心理学という学問は,本当に反省が好きだと思います。

これまでの歴史のなかでも,心理学の基本的な考え方を何度も変えてきており,常に心理学者のなかには「いまの心理学は何か違う」と感じて考え,行動する人々が存在しています。「心理学は道を踏み外している」ということを証明することを目標とするように見える「心理学者」もいるのです。

これは,研究者の世代交代によっても生じます。実験や科学的な志向性を目指した世代から次には,必ずといっていいほど質的な研究を目指す研究者たちが誕生してきて,また次の世代にはより科学的な手法にのめり込む研究者世代が誕生していきます。この世代交代サイクルは,数十年おきに繰り返すといってもいいでしょう。

概念

心理学が何を研究しているのかという点も問題です。心理学が研究対象としようとしているのは,私たちの行動の背景に仮定されるような概念です。この概念設定が厳密さに欠いていることから,心理学全体の不安定さが生じているのではないかという批判もあるようです。
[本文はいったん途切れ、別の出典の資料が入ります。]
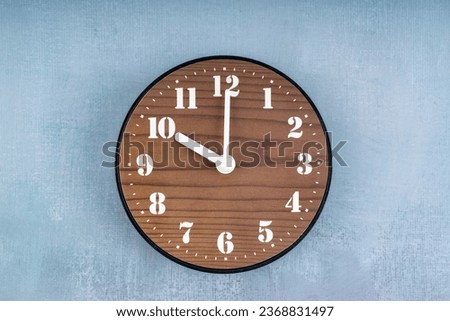 Brown Wooden clock placed in middle of blue cement wall.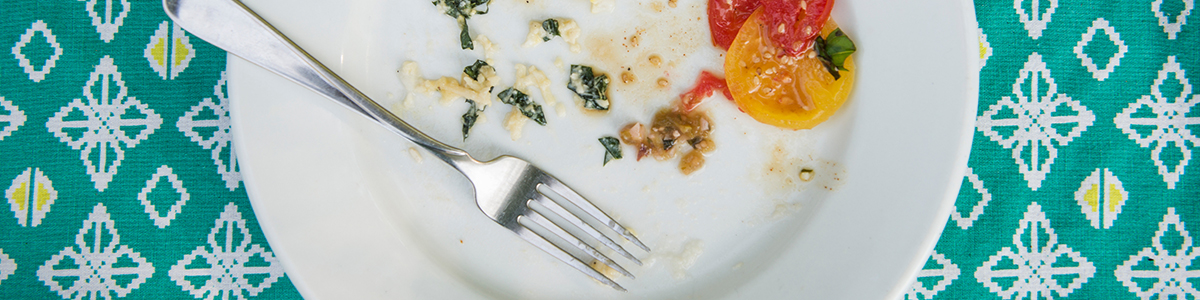 plate with leftover food and fork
というのも,心理学では概念を概念としてそのまま研究対象とするのではありません。概念を「手続き」に置き換えて研究します。「この概念はこの方法で測定することができる」という部分が心理学を大きく支えているのです。が,概念が不明瞭であれば,何を測定しているのかもよくわからなくなってしまいます。

操作主義

操作主義のルーツは論理実証主義にもありますが,心理学では物理学における操作主義から大きな影響を受けています。